Due to he influence of reference signals and uncertain disturbances in the augmented state for the tracking system, the control term is usually nonzero when the state arrives at the equilibrium point \(\xi = 0\). Thus, the involved decay term \(e^{- \mu (\tau -t)}\) is introduced in the integral term in (7). If we let \(\mu =0\), the right side of (7) may be unbounded, and \(V(\xi )\) may be divergent. That is why we consider using the discount factor \(\mu\).

For any admissible input law \(u(\xi ) \in \Omega\), \(V(\xi )\) is assumed to be a continuously differentiable value function, then the optimal value function can be rewritten as

$$\begin{aligned} V^{*}(\xi )=\underset{u \in \Omega }{\mathop {\min }} \int _{t}^{\infty }e^{-\mu (\tau -t)}{\Big ( {\mathcal {X}}\big (\xi (\tau ), u(\tau )\big )+\Vert {\bar{d}}_{m}(\xi )\Vert ^{2} \Big )}\textrm{d}\tau \end{aligned}$$
(9)

The defined value function (9) includes the function \({\bar{d}}_{m}(\xi )\) related to disturbances. Thus, the lemmas of equivalence between the robust control of the system (5) and the optimal control of the system (6) are provided.

Lemma 1

[40] Let \(\xi =0\) be the equilibrium point of the system (6). If the solution to the optimal control problem of nominal system with value function (7) exists, then it is the solution to the robust tracking system (5) as well.

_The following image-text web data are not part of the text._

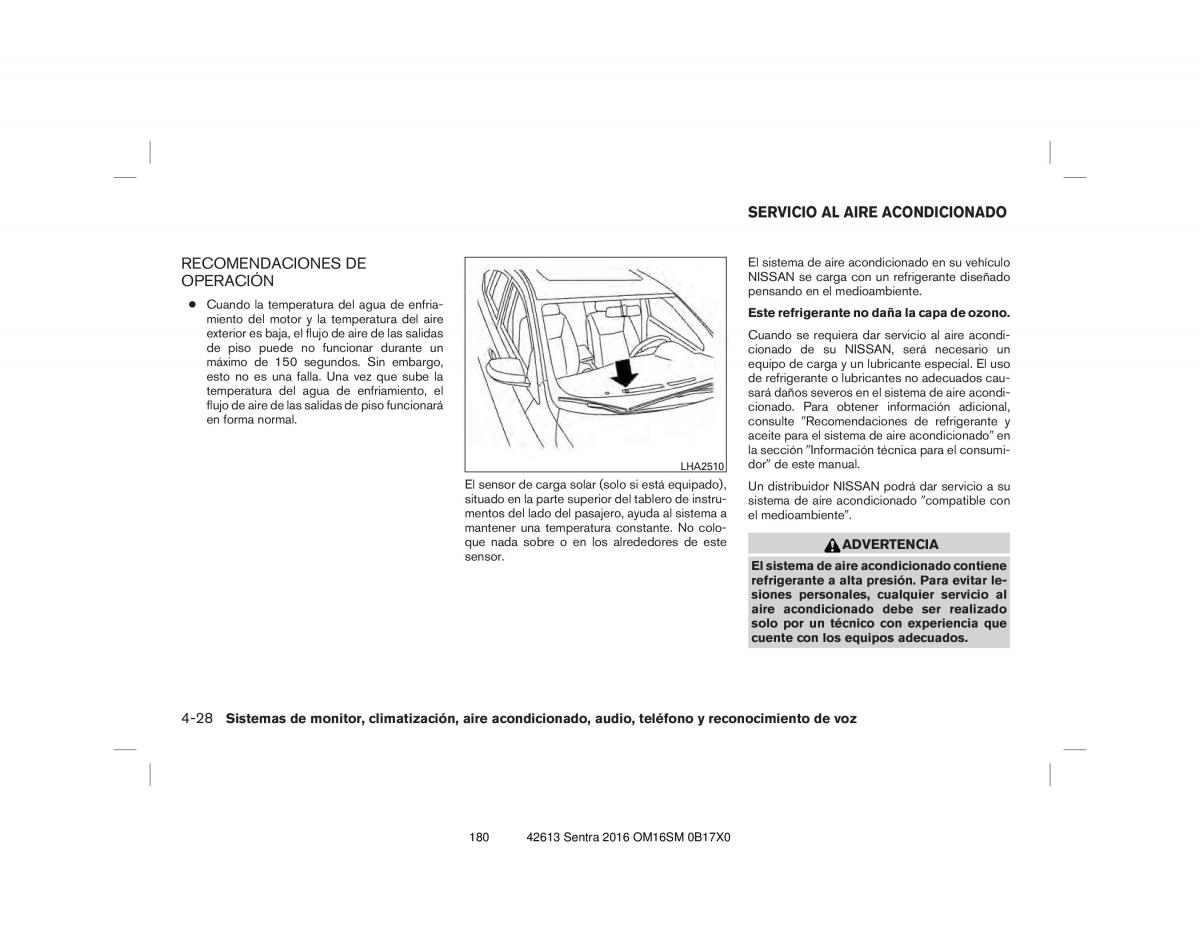 Nissan Sentra VII 7 B17 manual del propietario / page 180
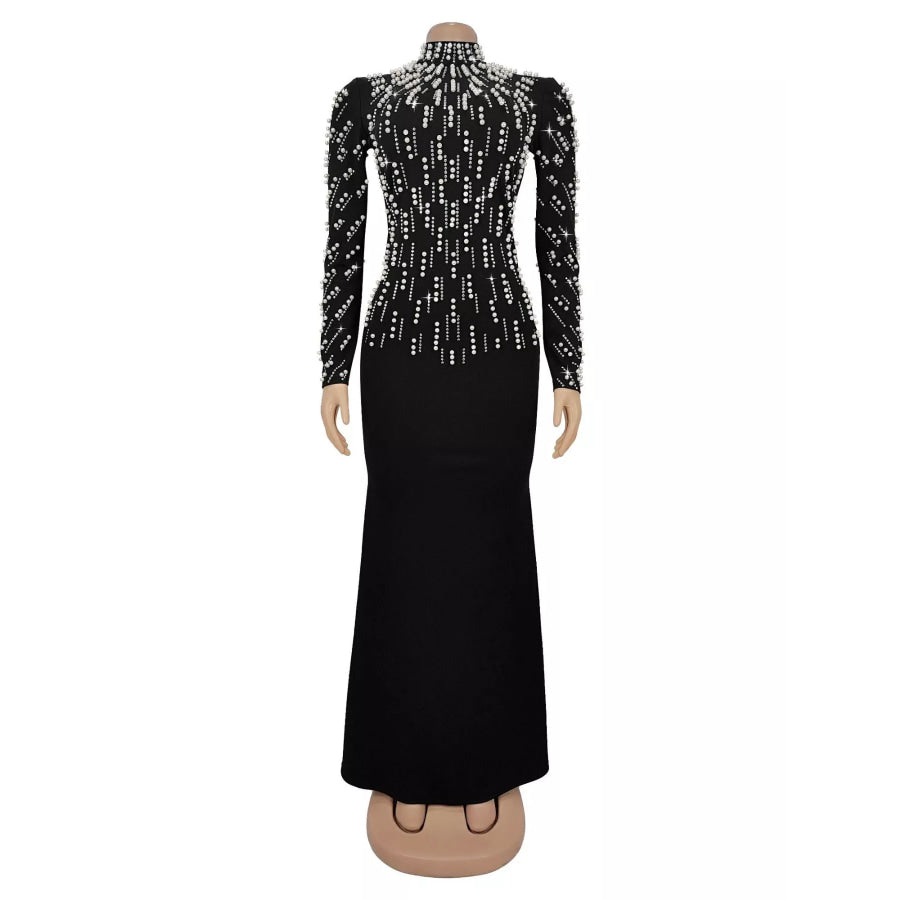 Pearl Detail Mock Neck Maxi Dress Apparel and Accessories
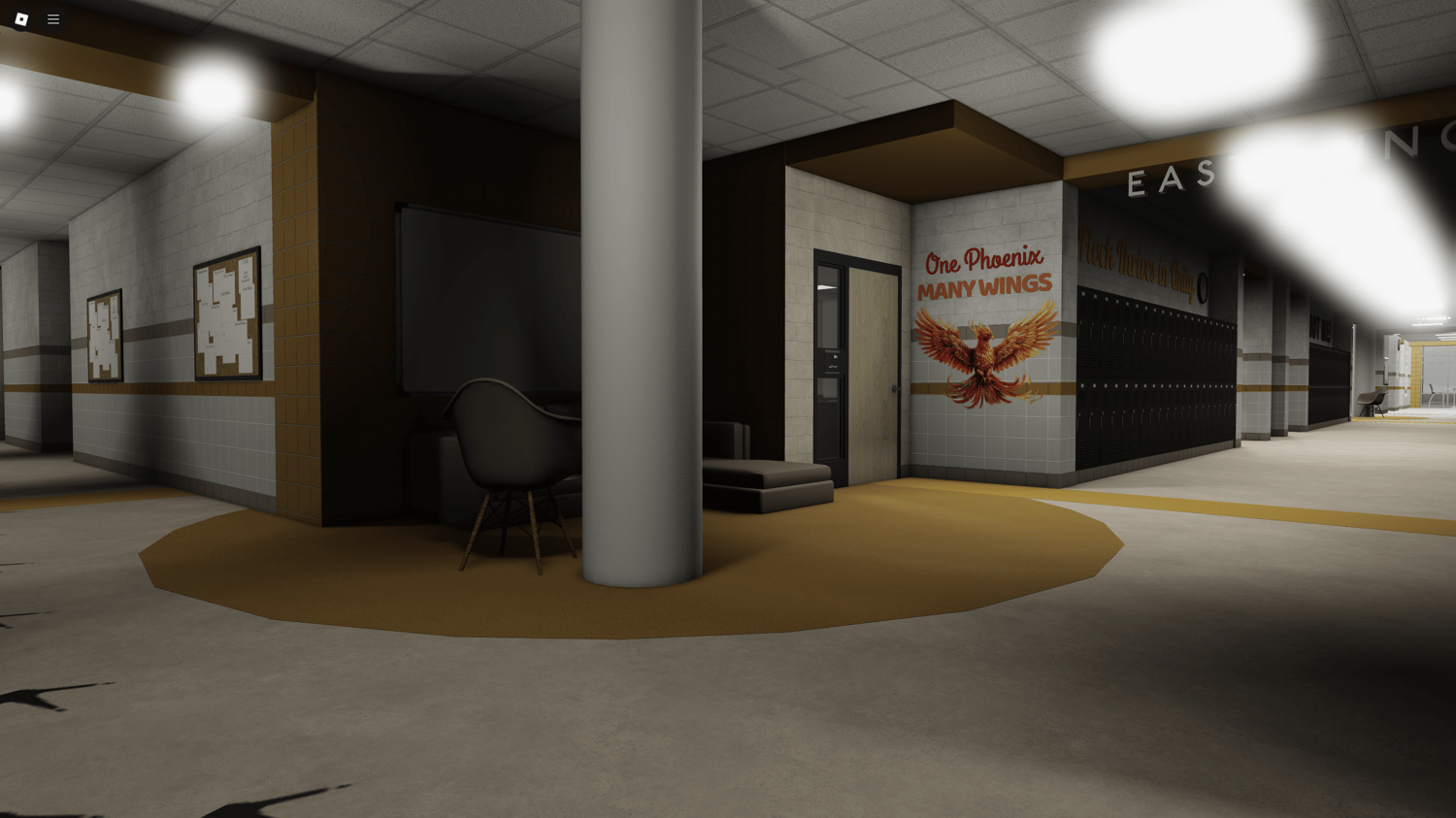 Roblox school roleplay building interior in Michigan county map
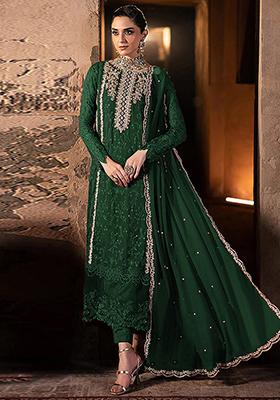 Dark Green Embroidered Georgette Pakistani Salwar Kameez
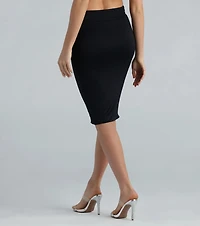 Seamless Smooth Knit High-Rise Pencil Skirt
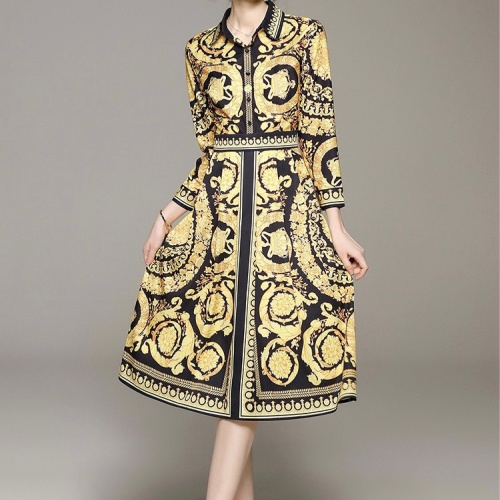 Replica Versace Dresses Long Sleeved For Women #1067416 $64.00 USD for Wholesale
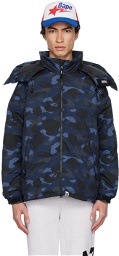 BAPE Navy Camouflage Down Jacket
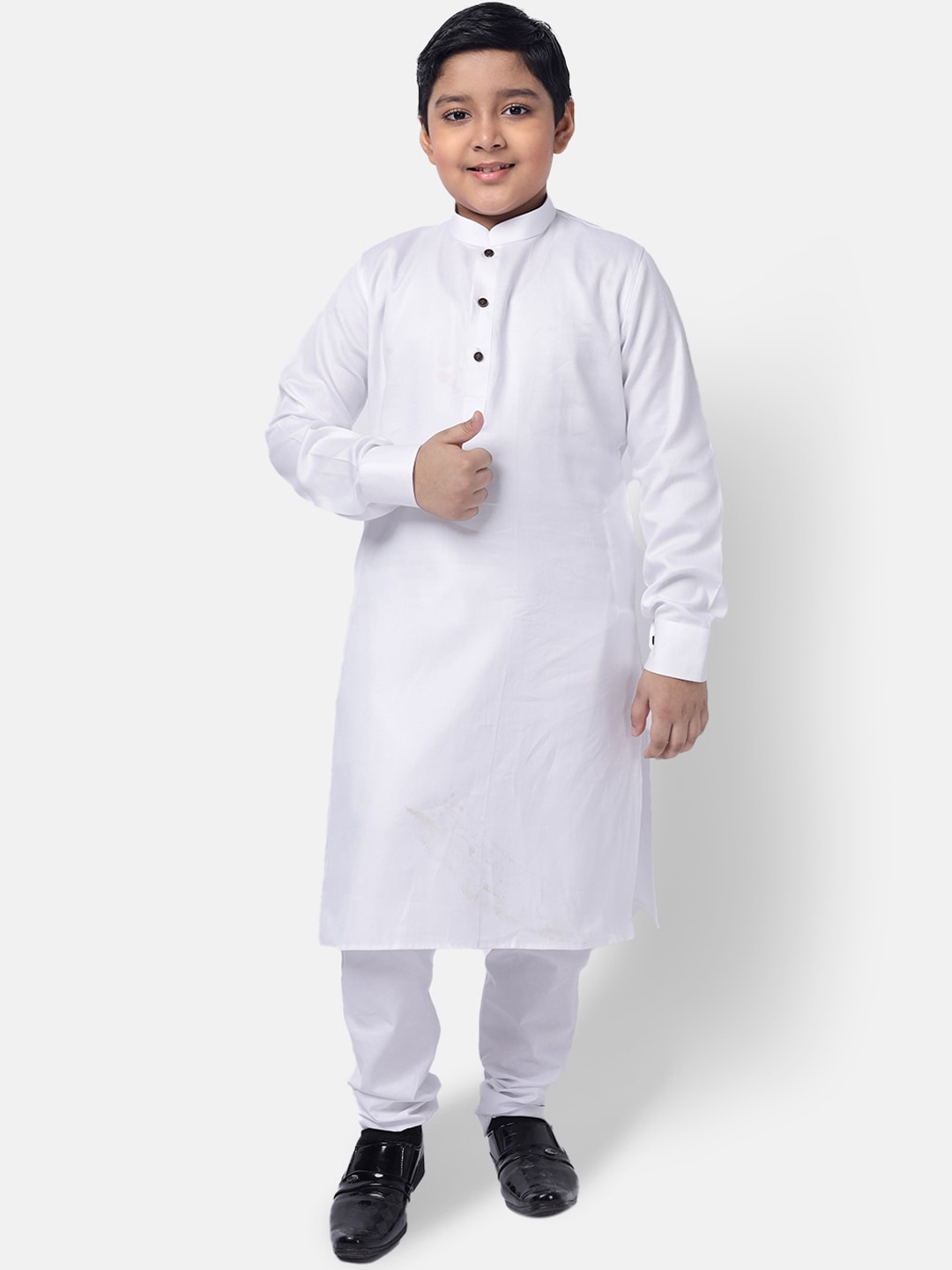 

NAMASKAR Boys White Regular Pure Cotton Kurta with Pyjamas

Then, the Hamiltonian function is defined as

$$\begin{aligned} \begin{aligned} {\mathcal {H}}(\xi ,\nabla V^{*},u)= \nabla V^{*{\textsf{T}}}\big ( F (\xi )+G(\xi )u\big )-\mu V^{*}+{{\xi }^{{\textsf{T}}}}Q\xi +{\mathcal {R}}(u)+\Vert {\bar{d}}_{m}(\xi )\Vert ^{2} \end{aligned} \end{aligned}$$
(10)

The optimal value \(V^*(\xi )\) satisfies \(V^*(0)=0\). By optimal Bellman’s principle, the tracking HJB equation is shown as

$$\begin{aligned} 0=\mathop {\min }\limits _{u\in \Omega } H(\xi ,\nabla {{V}^{*}}(\xi ),u) \end{aligned}$$
(11)

Then, the following optimal control law is obtained

$$\begin{aligned} 0=\frac{\partial H}{\partial u} \ \Rightarrow \ u^{*}(\xi )=-\alpha {\Theta \Big (\frac{1}{2\alpha }R^{-1}G^{{\textsf{T}}}(\xi )\nabla V^{*}(\xi )\Big )}+\beta \end{aligned}$$
(12)

where \(\beta =[\beta _{0}, \beta _{0},\dots , \beta _{0}]^{{\textsf{T}}} \in {\mathbb {R}}^{m}\).

Lemma 2

[41] For the nominal system with continuously differentiable optimal value functions. The optimal control \(u^{*}(\xi )\) in (12) can make the system asymptotically stable if the condition \(\mu \rightarrow 0\) holds.

Remark 2

The proofs of Lemma 1 and Lemma 2 are similar in [40, 41], which not be presented here. Lemma 1 shows that robust control can be solved by obtaining the solution of the HJB equation of nominal control. Based on Lemma 2 in [41], the error dynamics can be locally asymptotically stable when the discount factor \(\mu\) approaches zero infinitely. Significantly, since the provided reference signal may not be asymptotically stable, the discount factor needs to be introduced for the value function defined in the augmented system to ensure that (7) is bounded (i.e., Remark 1).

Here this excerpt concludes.